Ab 2008 verstärkt sich diese Dynamik, Finanzkrise, Klimakrise und Digitalisierung machen „Unsicherheit“ und „Risiko“ zu Leitbegriffen. Mit der Finanz- und Wirtschaftskrise bricht das Vertrauen in internationale Kooperationen, bürokratische Steuerung und Fortschrittsnarrative nochmals drastisch ein. Sprachlich wird dies sichtbar in einem Absturz der Wortverwendung der entsprechenden Begriffe.
Es kann somit festgestellt werden, das die sprachliche Entwicklung der Begriffe „Fortschritt“, „Kooperation“ und „Bürokratie“ kein Zufallsphänomen ist, sondern Ausdruck einer Differenzierung der Gesellschaft in die drei theoretisch formulierten Phasen, die hiermit empirisch nachvollziehbar geworden sind:
- Nachkriegsmoderne (1945–1972): Glaube an Steuerbarkeit durch Fortschritt und Organisation.

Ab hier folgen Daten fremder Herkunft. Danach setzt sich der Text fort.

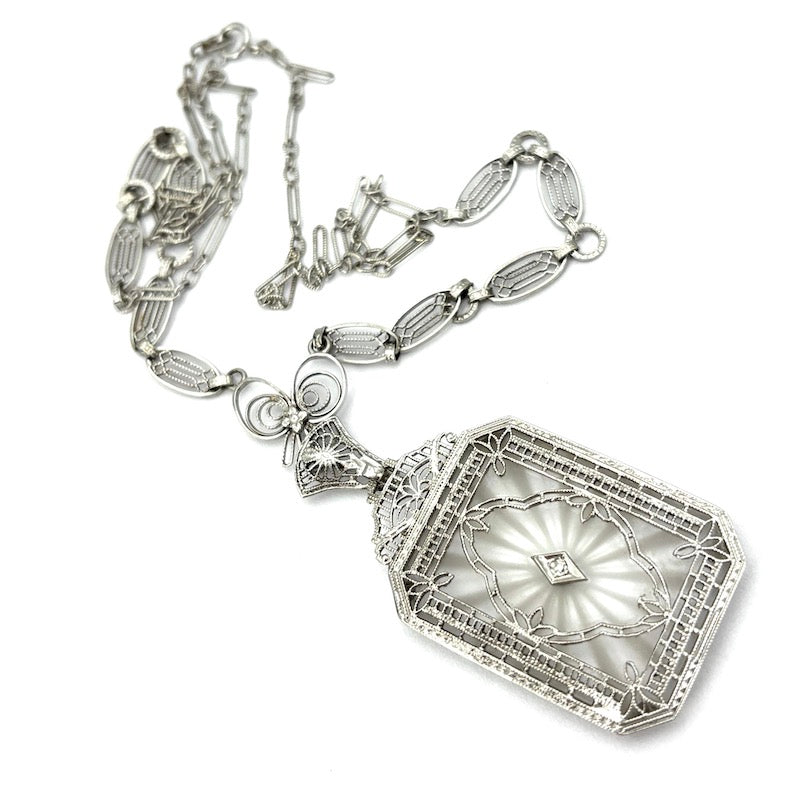 Collier/Ciondolo d'epoca oro bianco, diamanti, cristallo di rocca; 46 cm, 11.75 gr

- Reflexive Moderne (1972–2008): Erosion dieser Leitsemantik, Aufstieg von Kritik, Kommunikation und Risiko.
- Krisenmoderne (seit 2008): Marginalisierung klassischer Entwicklungsbegriffe, Dominanz von Unsicherheitsdiskursen.
Damit zeigen die Ngram-Kurven nicht nur Sprachwandel, sondern spiegeln die Transformation gesellschaftlicher Selbstbeschreibungen im Sinne von Luhmann, Habermas und Beck. Eine Fortschreibung dieser Entwicklung bis in die Gegenwart ist in vergleichbarer Weise nicht möglich, da Google hierfür keine Möglichkeit bietet. Dennoch erscheint es nicht zuweit hergeholt, wenn die gegenwärtigen Kriege, Autokratien, Strafzölle, Klimaschutzignoranzen und wirtschaftlichen Abschottungen als Fortsetzungen der Krisenmoderne gelesen werden.